Dhaka, May 12 (EFE).- The screening of “Pathaan” in Bangladesh, the first Hindi film to be released in the country in eight years, drew packed audiences on Friday.
While many cinemagoers have welcomed the opportunity to watch masalamix Indian films in Bangladesh, the move has sparked concerns among local filmmakers and industry stakeholders about the impact on the domestic film industry.
The spy thriller “Pathaan”, starring Shah Rukh Khan and Deepika Padukone, was shown in 41 cinemas across Bangladesh, including popular theaters in Dhaka, and attracted a full audience.
“Today is really a big day for me as I am a huge fan of Shah Rukh Khan. This is the first time I see his film in a hall,” said Sayem Sami, a member of Shah Rukh Khan fan group SRK Universe, joining the queue in front of Star Cineplex in Dhaka.
Tanvir Rahim, a member of another fan group, True SRKhan, said he came with a group to watch the movie on the first day of its release.

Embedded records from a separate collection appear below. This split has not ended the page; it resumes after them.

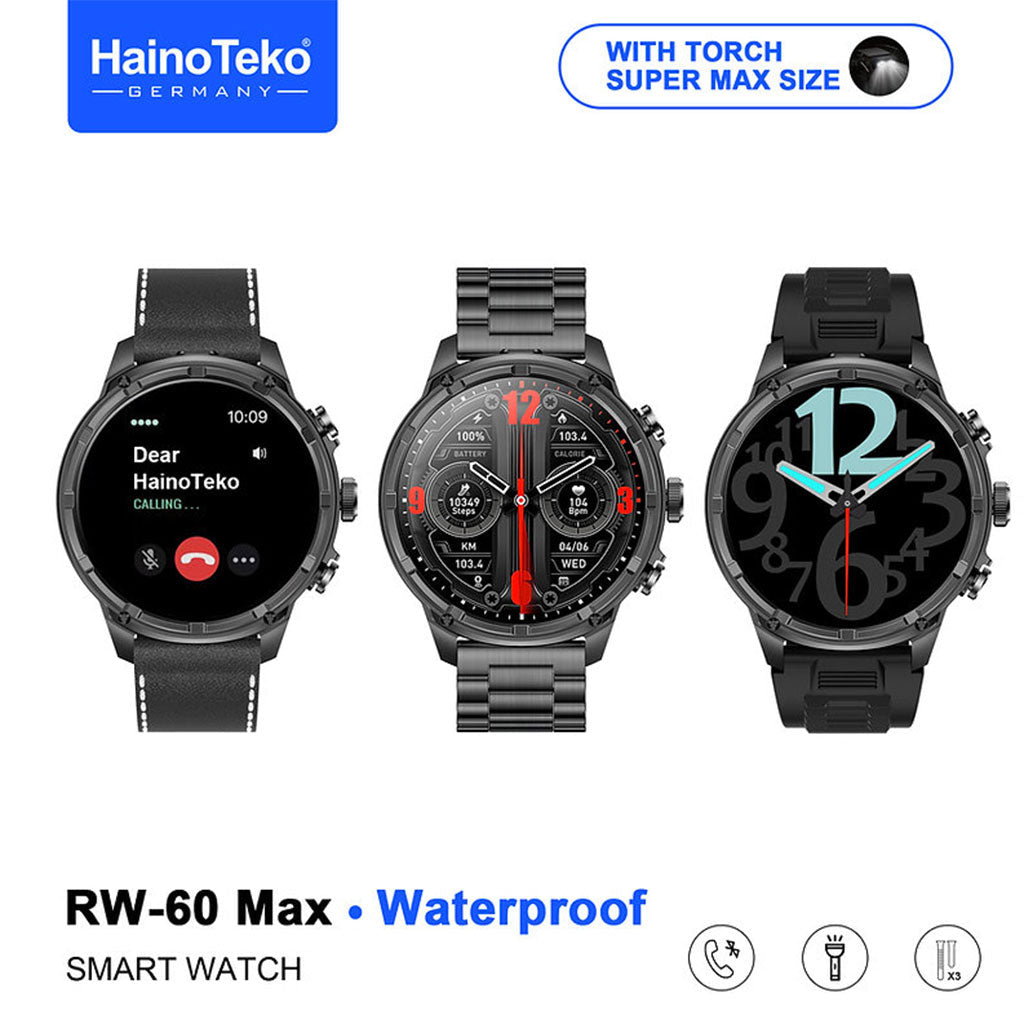 Smart Watch Haino Teko RW-60 MAX avec Lampe Torche et 3 Bracelets – ساعة ذكية أصلية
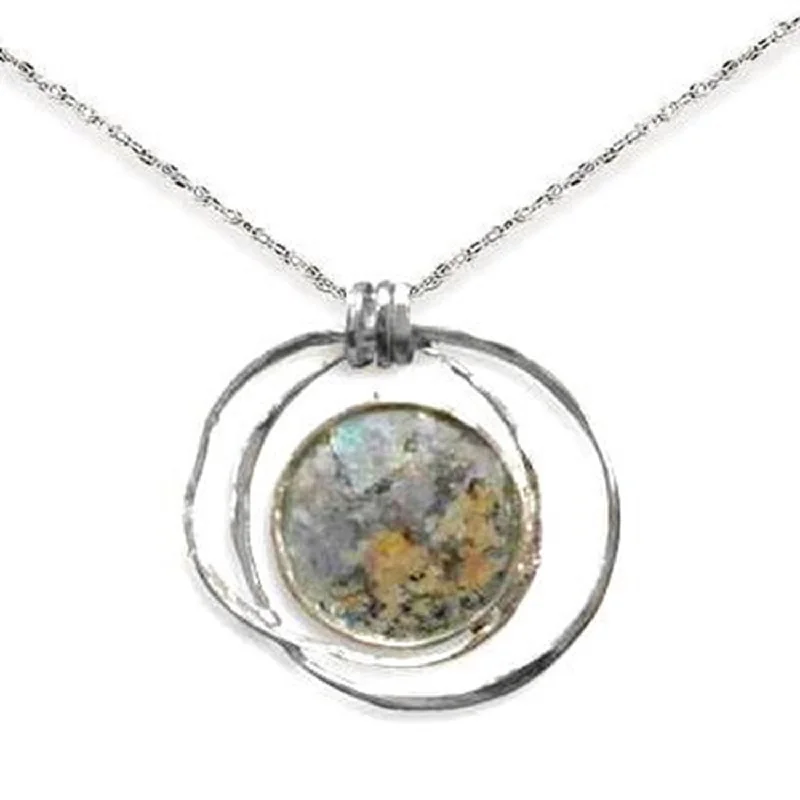 vintage gold necklaces for women -Ancient Roman Glass Hoop Pendant Necklace Textured Sterling Silver, with Chain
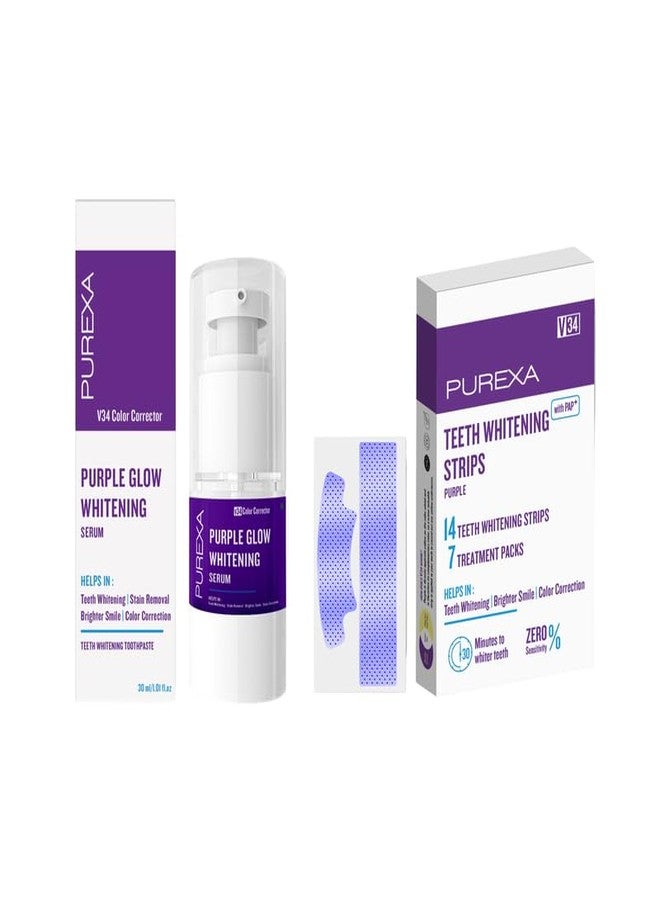 PUREXA معجون أسنان بيوريكسا لتبييض الأسنان برائحة بنفسجية متوهجة، 30 مل + شرائط تبييض الأسنان الاحترافية البنفسجية الخالية من البيروكسيد، عبوة من 7 شرائط، تكفي لـ 14 استخدامًا - Image 1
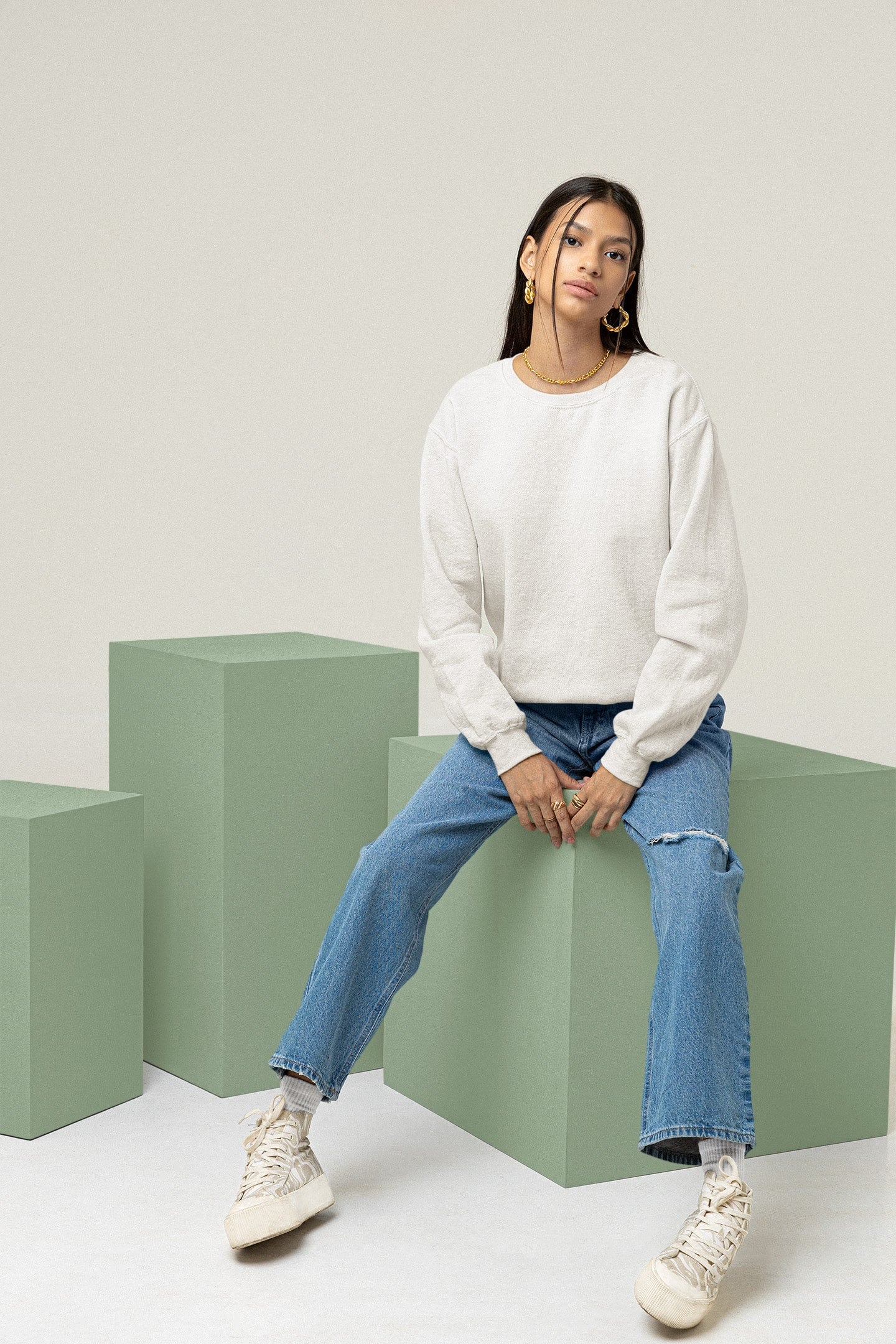 Women's White Sweatshirt | The OddBall Wagon image 4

“We were waiting for this. None of us wanted to miss the first show,” Rahim said.
Many had to return disappointed because they could not find a ticket.
“I thought I would get a ticket anyway and did not go for an advance ticket. But today you can see a big queue,” said Mukhtar Hossain.
“Pathaan” is the first Hindi film released in Bangladesh in eight years.
Back in 2015, the Bangladesh government permitted the screening of the Salman Khan-starring film “Wanted.”
However, it was quickly taken down due to protests from local actors and directors who argued that allowing Hindi films would lead to the destruction of the local film industry.
In April of this year, the Bangladesh government granted conditional approval to import films in languages spoken in the Indian subcontinent as part of the South Asian Free Trade Area (SAFTA) agreement, thus paving the way for the release of “Pathaan.”
The decision marked a significant shift in the policy, as the country had previously banned Indian films since its independence in 1971 until the release of “Wanted” in 2015.
The government’s decision to allow the screening of Indian films drew a mixed reaction from local film industry stakeholders.
While some welcomed the move, citing the lack of domestic content and the need to revitalize the industry, others expressed concern that it would lead to unfair competition and the domination of Hindi films in the country.
There were also calls for the government to regulate the number of Hindi films that can be screened each year and to impose heavy duties to protect the local industry.
“We are seeing it positively, because we don’t have enough content here. Our industry is ruined, and all the big directors are sitting idle,” Iftekhar Uddin Nawshad, the owner of the famous Dhaka cinema hall Modhumita Movies, told EFE.
“We found no benefit in protecting the local film industry. There is a saying that ‘monopoly kills.’ This is what happened here. The film industry is in a deep black hole,” he said.
Nawshad said though Bangladesh had nearly 1,500 cinema halls in the past, barely 100 were in operation now.